Please post your code as text, I don’t want to type it over.


I recommend you read through this as it makes helping you easier for others: About the Python Help category

Anyway, I’ve renamed the values to be more descriptive in your code:

potential_prime_squared =  3  # q
potential_prime_divisor = 2  # w

while 0 == 0:  # Why not just use 'True'?
	potential_prime = potential_prime_squared ** 0.5  # t
	if potential_prime_squared % potential_prime_divisor == 0: # interstingly enough this works because pontential_prime_divisor only reaches (at max.) the value of potential_prime-1 meaning that the square of a prime is not divisible by any number in the range of 2 to prime-1, which I find to be quite interesting, see proof of concept
		potential_prime_squared += 1
		potential_prime_divisor = 2
		potential_prime_divisor += 1
		if potential_prime_divisor == potential_prime:
			potential_prime_divisor = 2
			potential_prime_squared += 1

So the reason why printing q (potential_prime_squared) will give a wrong answer is that you are comparing it to the square root of it meaning that the value it holds will be higher and might not even be a prime number.

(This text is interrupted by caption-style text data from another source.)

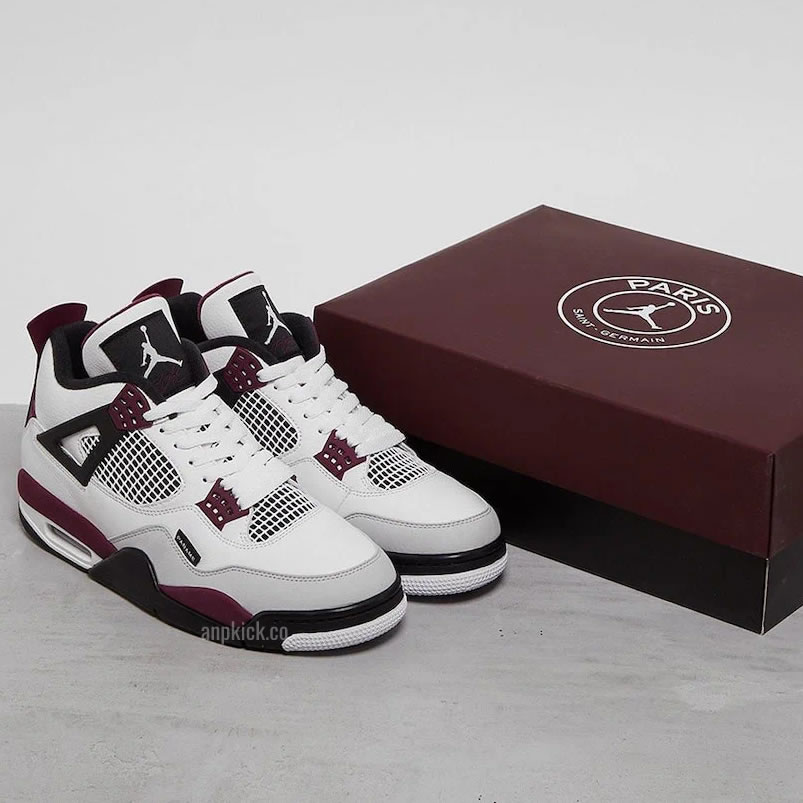 Air Jordan 4 Retro Paris Saint Germain Psg Neutral Grey Bordeaux Cz5624 100 (9) - newkick.app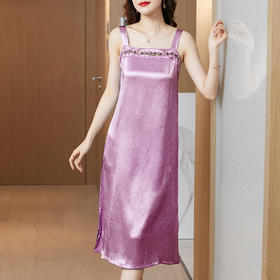 纯色仿香云纱，无袖裙内搭裙子宽松显瘦吊带裙KQL-9860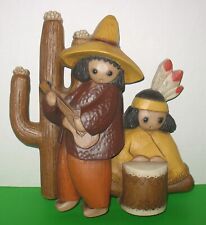 Vintage Burwood Plastic Wall Hanging Native American Musicians Guitar Drum Music picture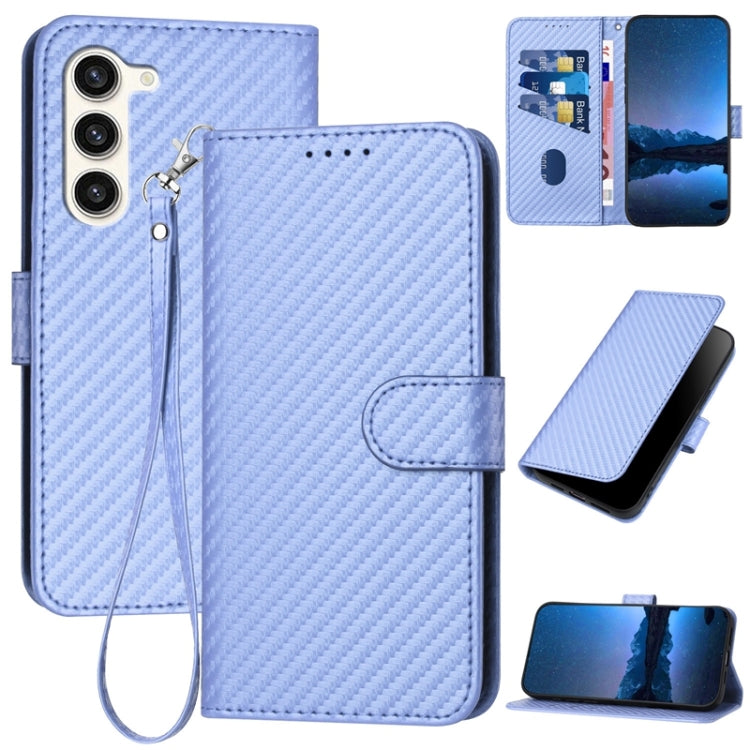 For Samsung Galaxy S23+ 5G YX0070 Carbon Fiber Buckle Leather Phone Case with Lanyard(Light Purple) - HoMEdemic™ 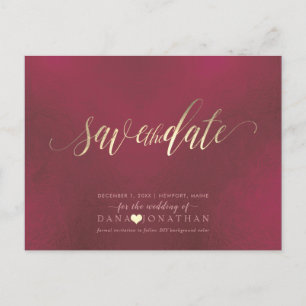 PixDezines Save the Date/Gold Iridescent Burgundy Postcard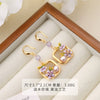 Women's Retro Niche Design Freshwater Pearl Copper Earrings With Heart Shape Flower Leaf Geometric Patterns Electroplated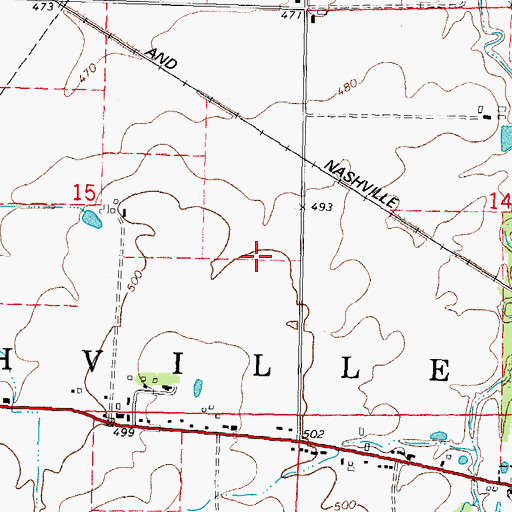 Topographic Map of Washington County, IL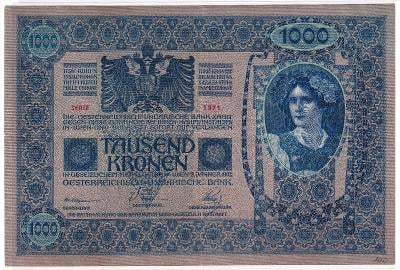 1000 Kronen (Korona) 1902 bez přetisku, série 1371
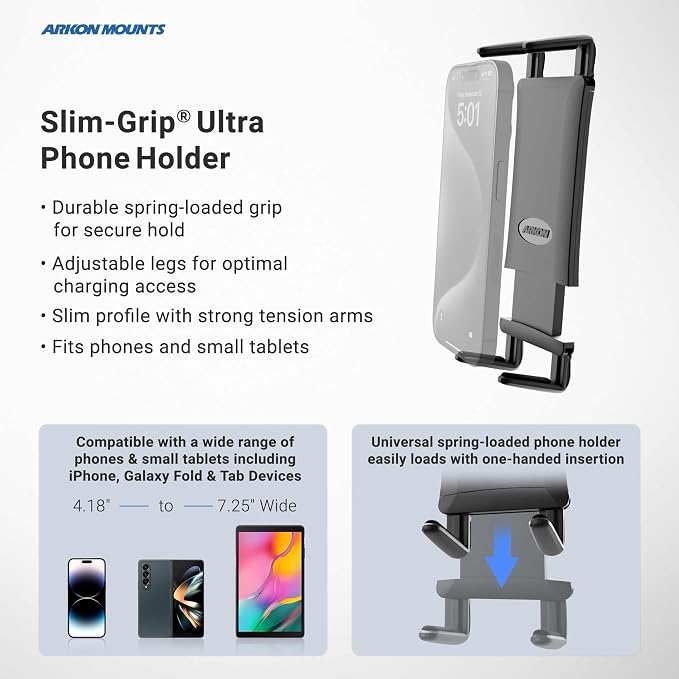 ARKON Mounts Adhesive Phone and Tablet Car and Truck Mount | Universal Phone - Image 3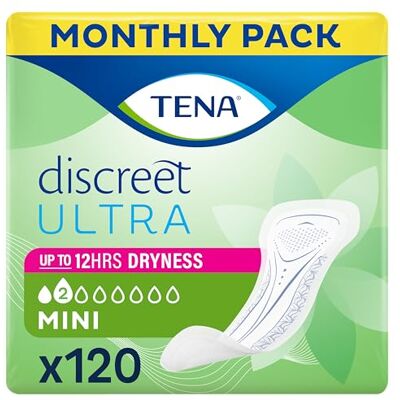 TENA Discreet Ultra Pad Mini Incontinence Pads for Women with Light Bladder Leaks, Thinnest Design Ever, Specifically Designed for Discreet Protection 6x20p TENA Discreet Ultra Pad Mini Incontinence Pads for Women with Light Bladder Leaks, Thinnest Design Ever, Specifically Designed for Discreet Protection 6x20p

This also highlights why giving your variables good names is very important as it will be way easier to think through your code, improve it, and understand it again.

Proof of concept:

prime_numbers = [2, 3, 5, 7, 11, 13, 17, 19, 23, 29, 31, 37, 41, 43, 47, 53, 59, 61, 67, 364565471, 364565503]  # I've tested this with a list of 1000 prime_numbers with the same result, so I shortened this list
for prime_number in prime_numbers:
	prime_squared = prime_number**2
	divisible = False
	for i in range(2, prime_number):
		if prime_squared % i == 0:
			divisible = True

Even more fun fact: a square of a prime can never be a prime as it will always have 3 divisors: 1, the prime it’s the square from, and itself. Other than that it would appear that they are also not divisible by any other values, so tho they are no primes they certainly are kind of special too.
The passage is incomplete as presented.